Missing the best exchange rate on a typical holiday currency purchase can quietly cost you £100 or more before you’ve even checked in to your hotel. Airport rates are 10-15% worse than those available online or on the high street, and even a small difference in timing can chip away at your spending money in ways that only become obvious when you’re already abroad.

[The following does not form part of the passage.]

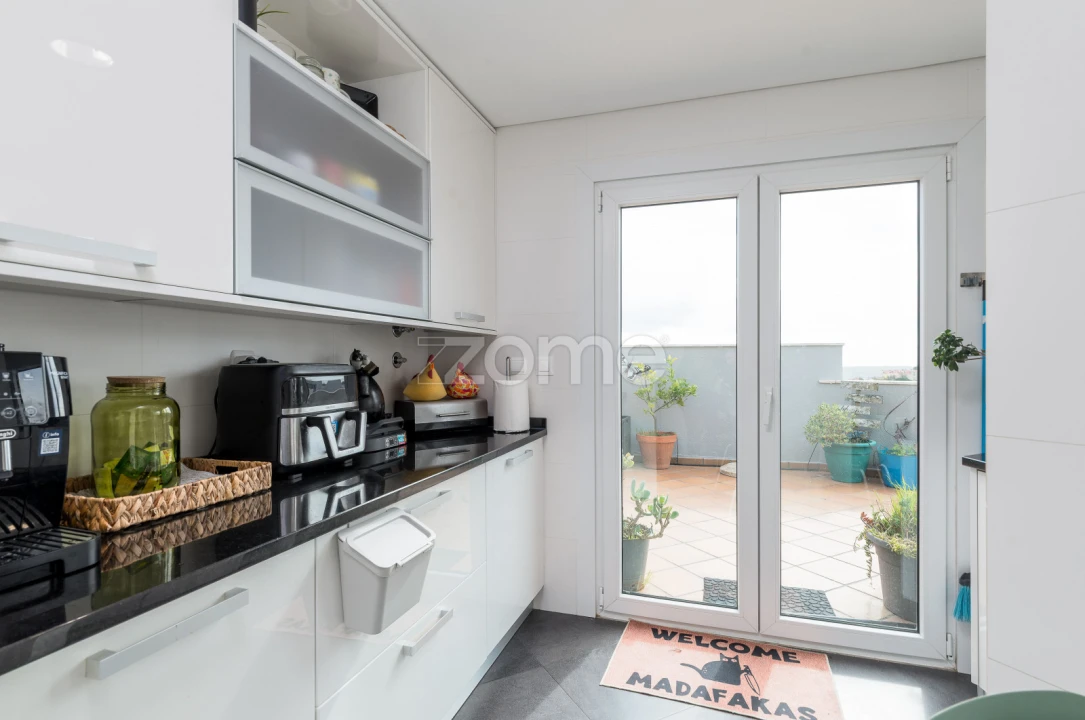 Apartamento T4 para Venda em Ramada e Caneças Foto 9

The good news is that tracking exchange rates is neither complicated nor time-consuming, and this guide will walk you through exactly what tools to use, how to set up alerts, and how to verify you’ve secured the best possible deal before your trip.
Table of Contents
- What you need before you start tracking exchange rates
- Step-by-step: How to set up exchange rate alerts and trackers
- Troubleshooting and common mistakes to avoid
- Verifying the result: Getting the best deal in the end
- Why most UK travellers miss out on top rates and how you can do better
- Compare and secure the best exchange rates for your next trip
- Frequently asked questions
Key Takeaways
| Point | Details |
|---|---|
| Plan in advance | Tracking rates before your trip gives you real power to save on travel money. |
| Use alerts and top tools | Apps like XE, Wise, and Revolut help you monitor and act at the right time for the best rates. |
| Avoid common mistakes | Steer clear of weekend rates, airport exchanges, and always compare the total cost, not just the headline rate. |
| Verify your deal | Check final rates against mid-market benchmarks to be sure you‘ve got the best value. |
What you need before you start tracking exchange rates
Now that you understand how much you could lose or gain, let’s make sure you’ve got everything ready before you begin monitoring rates.

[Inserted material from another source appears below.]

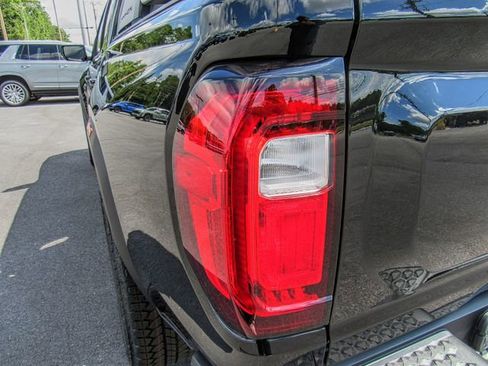 New 2025 GMC Canyon AT4 w/ Nightfall Edition image 7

Before you can track anything effectively, a little preparation goes a long way. The process is far simpler than it sounds, but having the right setup in advance means you won’t be scrambling at the last minute when a good rate appears. This is where most travellers fall short. They think about exchange rates two days before departure, by which point the best rates have already come and gone.

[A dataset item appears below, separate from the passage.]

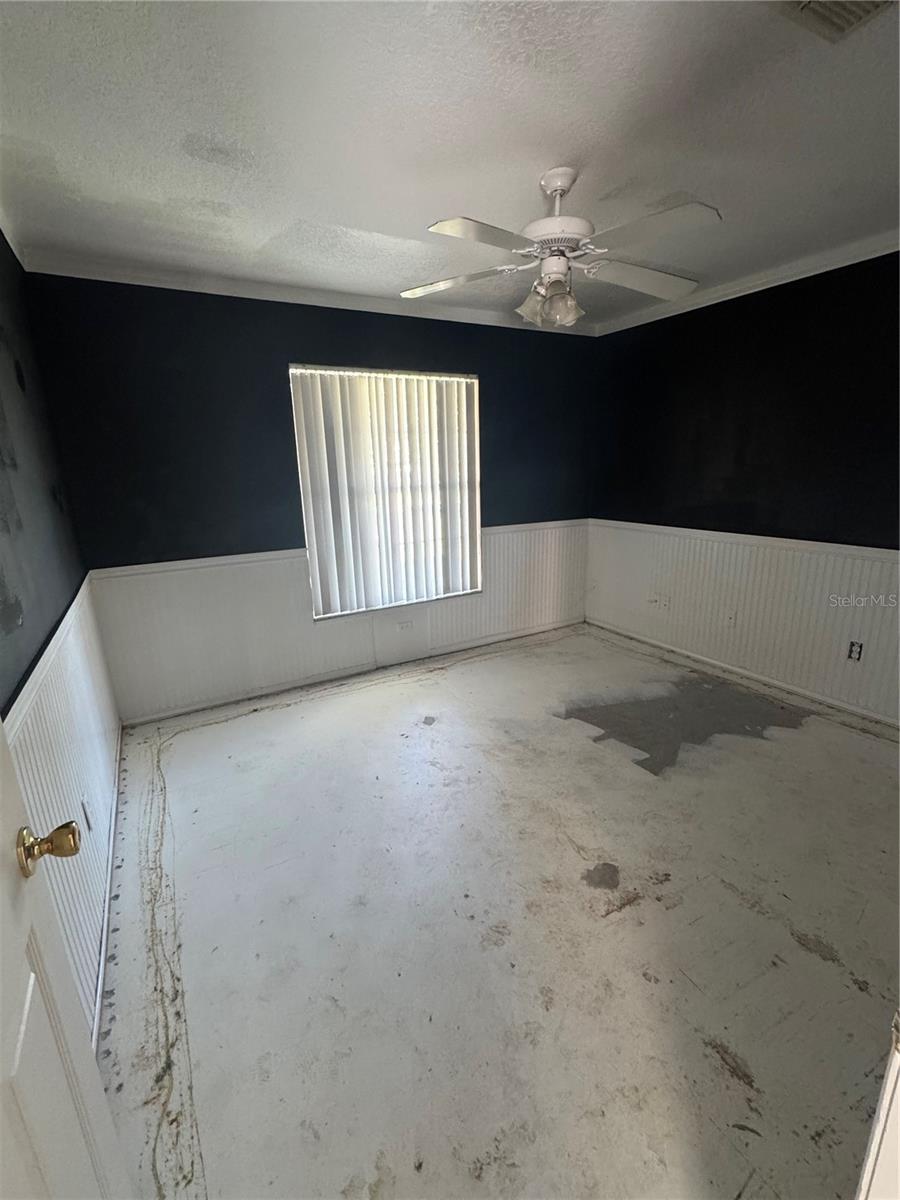 REAGANS RUN - Residential Lease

The essentials are straightforward. You need a smartphone or laptop with a reliable internet connection, an idea of which currency pair you want to watch (for example, GBP to EUR or GBP to USD), and a rough sense of how much you plan to exchange. That last point matters more than most people realise. Knowing your budget allows you to calculate the real-world value of even a one or two percent rate improvement. On a £2,000 exchange, a 2% better rate puts £40 back in your pocket.
Dedicated currency tracking services like XE.com and the Wise app allow you to monitor live mid-market rates and set automatic alerts, so you’re notified the moment your target rate is hit. Signing up takes under five minutes and gives you a serious advantage over travellers who rely on guesswork. Our complete travel money guide also covers the wider picture of saving on currency before and during your trip.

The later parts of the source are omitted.